RECORDS FOR PROCESSING Block Start
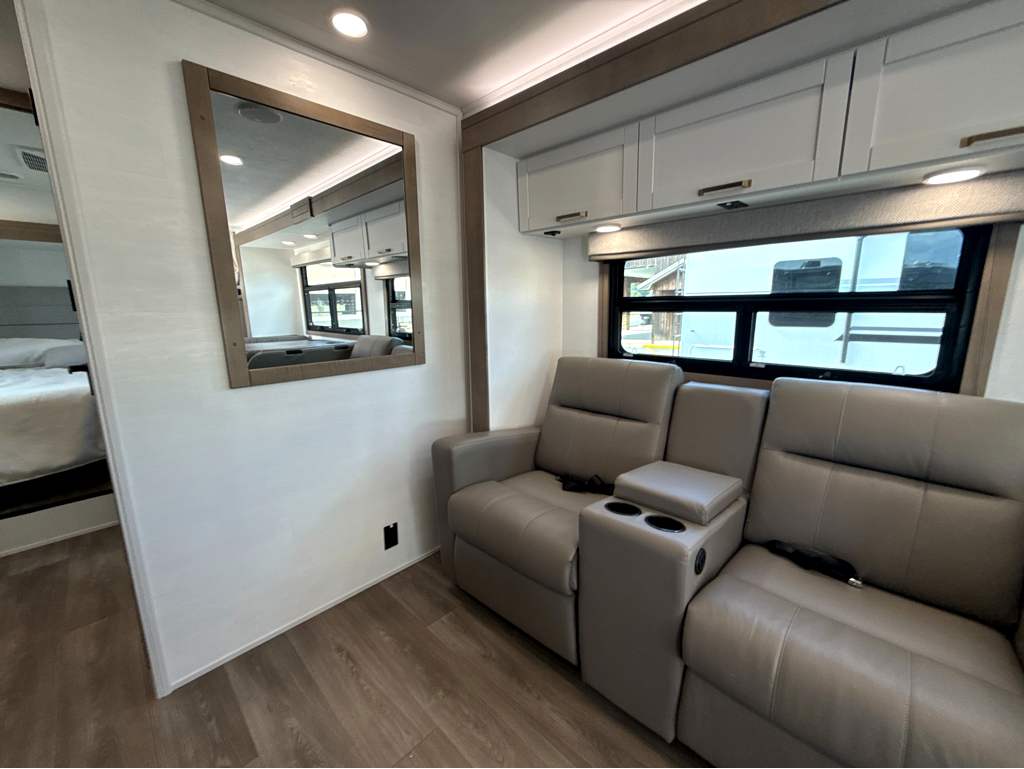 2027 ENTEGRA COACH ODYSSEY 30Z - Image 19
RECORDS FOR PROCESSING Block End
RECORDS FOR PROCESSING Block Start
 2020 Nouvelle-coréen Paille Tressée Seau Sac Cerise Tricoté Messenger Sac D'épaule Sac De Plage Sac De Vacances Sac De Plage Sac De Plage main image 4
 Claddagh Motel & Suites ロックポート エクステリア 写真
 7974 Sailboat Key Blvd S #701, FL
RECORDS FOR PROCESSING Block End
RECORDS FOR PROCESSING Block Start
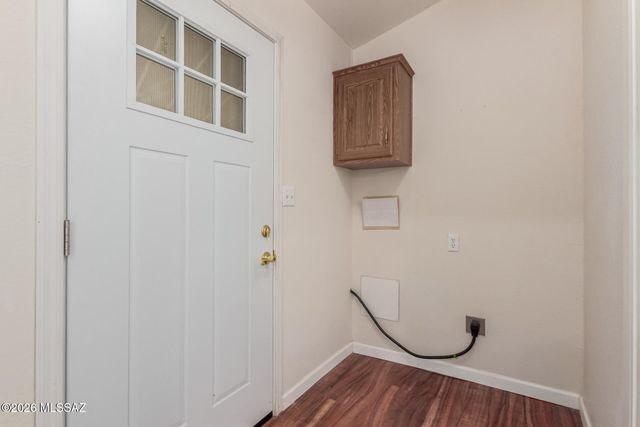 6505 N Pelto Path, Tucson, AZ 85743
RECORDS FOR PROCESSING Block End
Output the lines of the records above exactly as they appear, from the line containing "Claddagh Motel & Suites ロックポート エクステリア 写真" through the line containing "7974 Sailboat Key Blvd S #701, FL".

 Claddagh Motel & Suites ロックポート エクステリア 写真
 7974 Sailboat Key Blvd S #701, FL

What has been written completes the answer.